Là-haut, les vannes de secours tremblèrent, gémirent, puis s'abattirent et l'eau du lac entier, long de neuf kilomètres et large de quatre, se rua dans la vallée.
La masse d'eau descendit le long de la large vallée plate, balayant deux villages, une centaine de fermes, emportant dans ses flots hommes, femmes, enfants, bétail, ânes, chèvres, singes sacrés. Se mêlant au cours gonflé de la rivière, elle déborda, envahit les basses terres, monta à l'assaut des éminences. Aux abords de la ville, elle fit irruption dans la caserne des splendides Sikhs tant admirés par miss Hodge, et noya la moitié de ceux qui avaient survécu à la secousse sismique. Elle lécha avec une brutale avidité la distillerie et la fabrique de produits chimiques, détruisant tous les précieux appareils que le maharajah avait fait venir à grands frais d'Allemagne, traversa le tennis des Simon et le jardin des Smiley, emportant avec elle l'hyène, l'élan, les porcs-épics, s'élança sur la route de l'Ecole d'ingénieurs, contourna le bungalow de miss Dirks et de miss Hodge, submergea le Réservoir et déboucha sur la place devant le cinéma où stationnait la foule chassée des maisons par le tremblement de terre. Après quoi, elle s'engouffra dans le bazar où, l'une après l'autre, les échoppes de bois s'écroulèrent comme des châteaux de cartes, envahit le vieux Palais d'Eté où lord Esketh, le premier du nom, agonisait, boursouflé par la peste, se rua dans le quartier des Intouchables où les demeures de torchis fondirent dans l'eau comme des pâtés de sable, alla noyer les fauves dans leurs cages du jardin zoologique, engloutit les bûchers funèbres, puis s'élança de nouveau en rase campagne - trombe d'eau, de maisons, de cadavres, d'arbres déracinés.

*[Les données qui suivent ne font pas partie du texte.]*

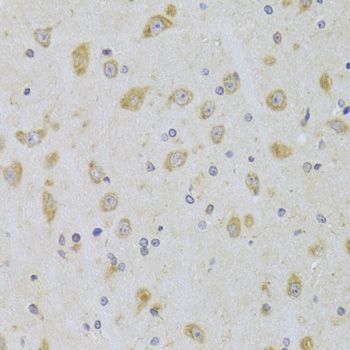 Immunohistochemistry - MAP2K5 Polyclonal Antibody (144-06953)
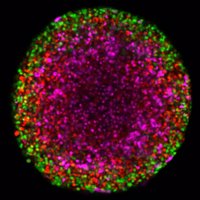 Haass_Melanoma_lab (@haasslab) 's Twitter Profile Photo Haass_Melanoma_lab (@haasslab) 's Twitter Profile Photo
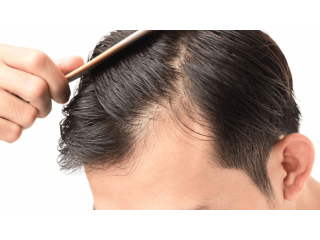 best-hair-fall-solution-in-edinburgh-small-0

Suivant le lit de la rivière, la masse dévastatrice traversa la plaine dans la direction du Mont-Abana; une seconde, les arches trop basses des deux ponts l'arrêtèrent. Enfin, elle atteignit la gorge étroite creusée par le torrent à travers le cercle de collines. Là, elle se heurta au barrage créé par l'horrible accumulation de décombres d'arbres, de cadavres d'hommes, de femmes, d'enfants et d'animaux, qu'elle avait charriés dans ses flancs sur plus de trente kilomètres. Ne pouvant le franchir, elle reflua alentour, puis en arrière, montant toujours, alimentée par la rivière et la pluie torrentielle, jusqu'à ce que la vallée entière et la ville dévastée fussent submergées par les flots et le silence.
Partout, dans les maisons, dans le vaste palais, la moisissure s'étalait en vastes taches sur les murs. Tout le jour, on devait entretenir des feux pour sécher les draps de lit alourdis par l'humidité d'une nuit. Les insectes pullulaient par millions, transformant les moustiquaires en pesants linceuls noirs. Pendant le jour, ils s'insinuaient en masses compactes derrière les tableaux, sous les coussins, sous les meubles, servant de festin aux petits lézards criailleurs qui vivaient dans les plafonds bourrés de roseaux.
Miss Hodge découpait toujours dans le Morning Post la rubrique : "La Cour et le Monde". Aussi, avec un mois de retard, était-elle au courant des toutes les naissances, de toutes les morts, survenant chez des gens qu'elle ne connaissait pas, dans un monde qu'elle ne verrait jamais.